Simulating PPFL (Serial)¶

In this section, we describe how to simulate PPFL on a single machine by having different FL clients running serially.

Note

It should be noted that serial simulation can only be used for synchronous FL algorithms.

First, user needs to load configuration files for the client and server agents and specifies the number of clients to simulate.

from omegaconf import OmegaConf

num_clients = 10
server_agent_config = OmegaConf.load(
    '<your_example_path>/configs/mnist/server_fedavg.yaml'
)
client_agent_configs = [
    OmegaConf.load('<your_example_path>/configs/mnist/client_1.yaml')
    for _ in range(args.num_clients)
]

Then, user needs to change certain fields in the server agent configuration to make it compatible with num_clients. User also needs to change the client agent configurations for different clients.
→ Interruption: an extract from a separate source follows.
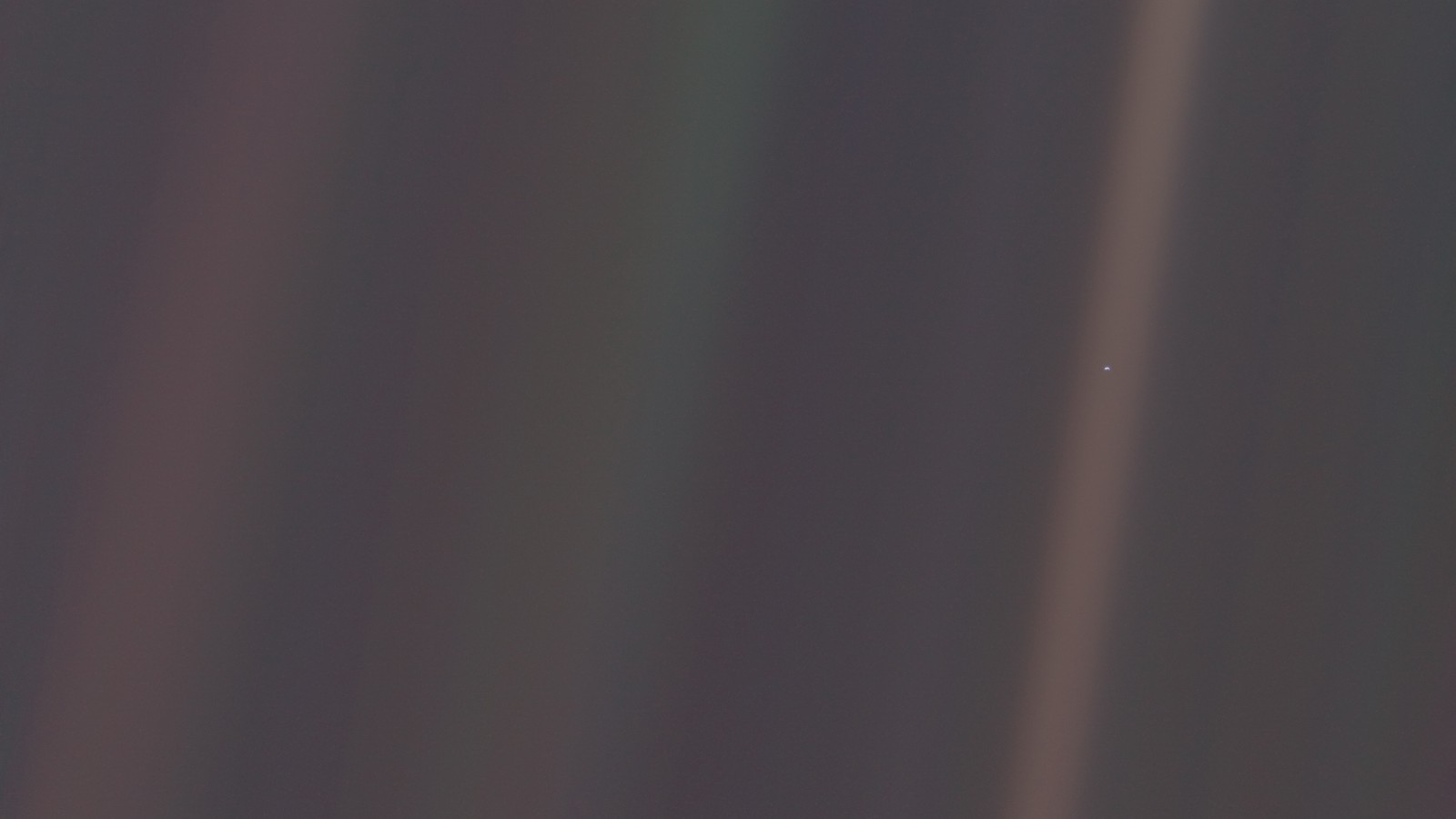 The Pale Blue Dot. The photograph of Earth taken on February 14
# Update server agent configuration
server_agent_config.server_configs.num_clients = args.num_clients

# Update client agent configurations
for i in range(args.num_clients):
    client_agent_configs[i].client_id = f'Client{i+1}'
    client_agent_configs[i].data_configs.dataset_kwargs.num_clients = args.num_clients
    client_agent_configs[i].data_configs.dataset_kwargs.client_id = i
    client_agent_configs[i].data_configs.dataset_kwargs.visualization = True if i == 0 else False

The user then creates server agent and client agents using the configurations.
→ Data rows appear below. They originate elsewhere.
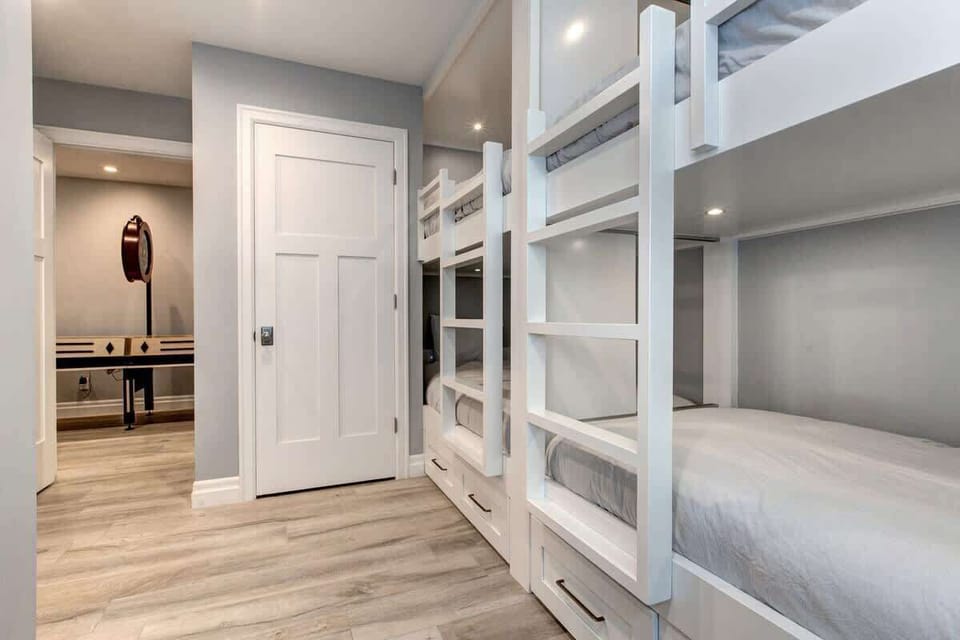 Bedroom 5 | Lower Level, 2 Sets of Twin over Twin Bunks, TV, Closet, Full Ensuite Bathroom with Shower | Abode at First Chair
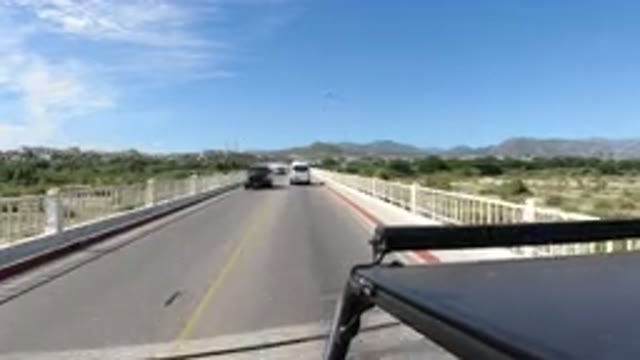 LOS CABOS MEXICO-2019: Vehicles On The Highway Moving Very Fast With Trees And Sun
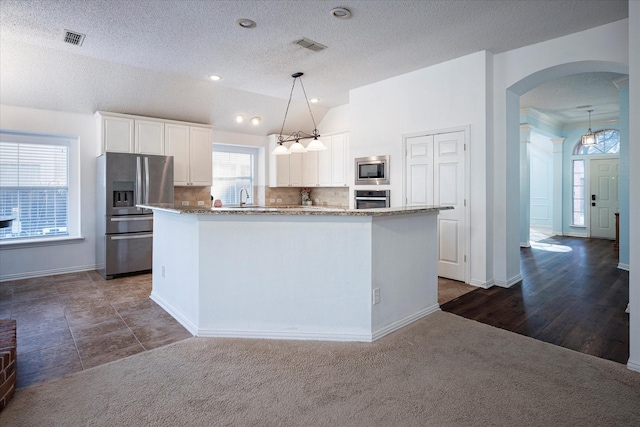 kitchen with pendant lighting, a center island, dark colored carpet, white cabinetry, and stainless steel appliances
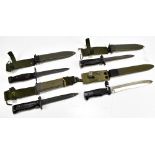 Three US M8 A1 bayonets and a Spanish Cetme 69 bayonet, all with scabbards (4).Additional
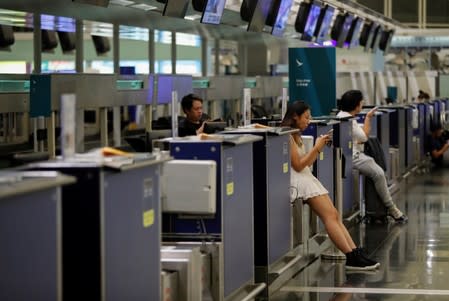 Passengers rest at the check-in counters in the departure hall after flights were cancelled during the anti-extradition bill protest at Hong Kong Airport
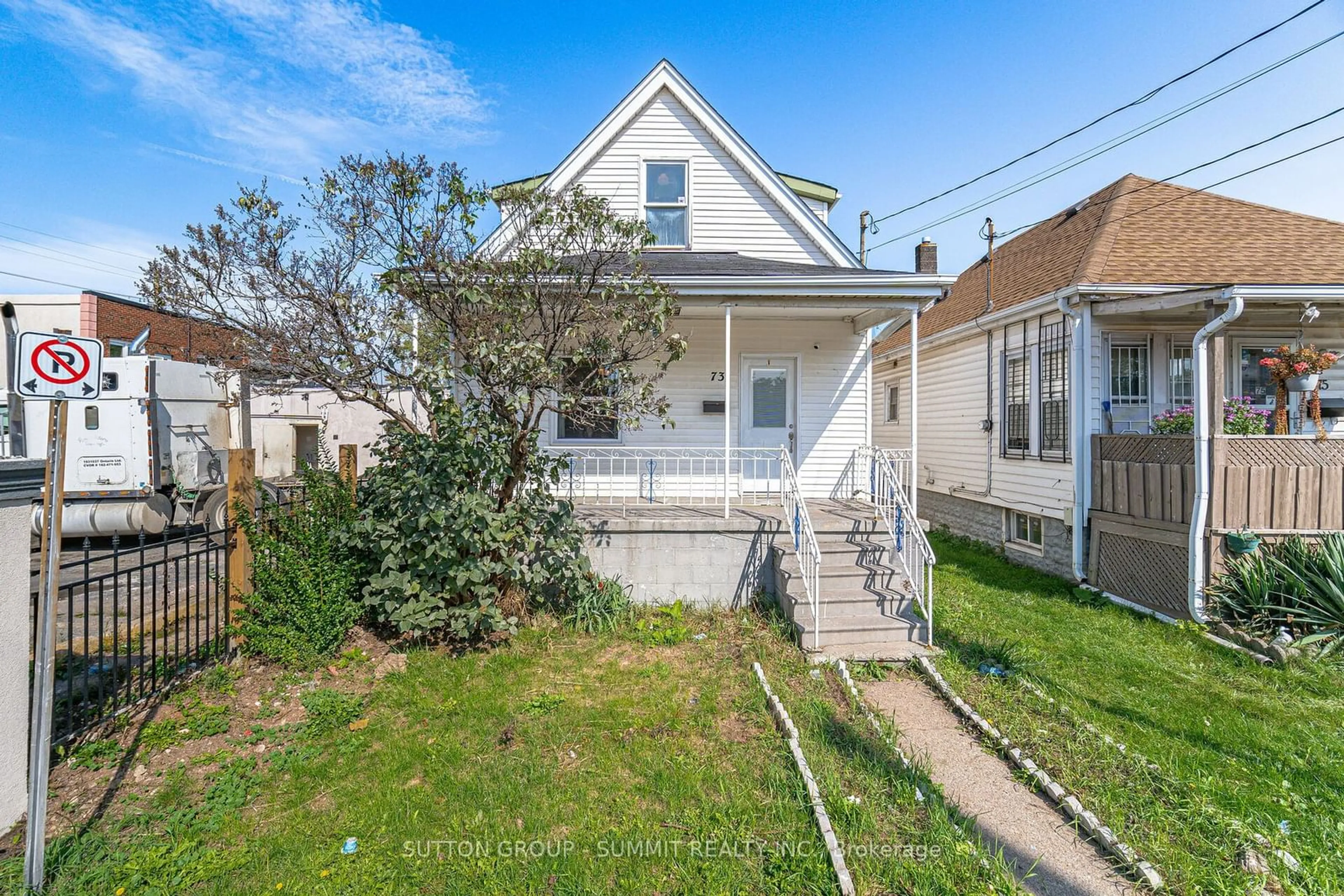 Frontside or backside of a home, the fenced backyard for 73 Hope Ave, Hamilton Ontario L8H 2E5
from appfl.agent import ClientAgent, ServerAgent

server_agent = ServerAgent(server_agent_config=server_agent_config)
client_agents = [
    ClientAgent(client_agent_config=client_agent_configs[i])
    for i in range(args.num_clients)
]

After creating the agents, the user can start the FL process by first having the server to provide general client configurations to all the clients using server_agent.get_client_configs() function. The clients load the configurations using client_agent.load_config() function.
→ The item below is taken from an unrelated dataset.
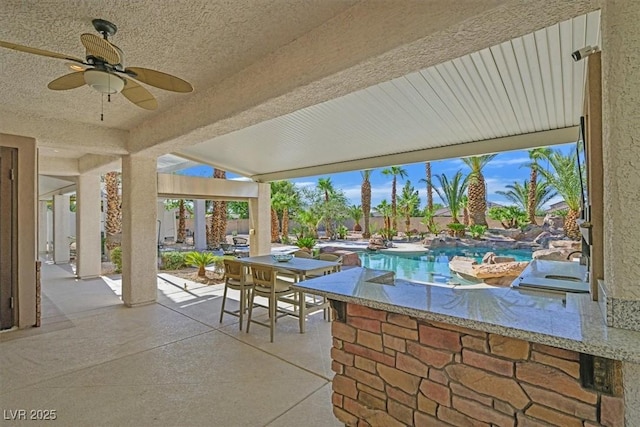 328 Hedgehope Dr, Las Vegas, NV 89183 - fenced backyard featuring a patio, ceiling fan, and an outdoor pool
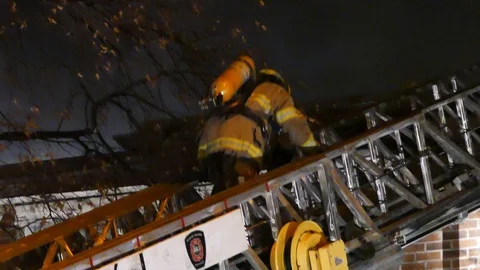 Firefighters climbing ladder during fire at night Stock Footage 103246451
Then, the clients get the initial global model from the server using server_agent.get_parameters() function. It should be noted that we set serial_run=True in the get_parameters() function to tell the server that the clients will run serially and it should not wait for all clients to the call this function before sending the global model, avoiding blocking the FL process. The clients load the global model using client_agent.load_parameters() function.

# Get additional client configurations from the server
client_config_from_server = server_agent.get_client_configs()
for client_agent in client_agents:
    client_agent.load_config(client_config_from_server)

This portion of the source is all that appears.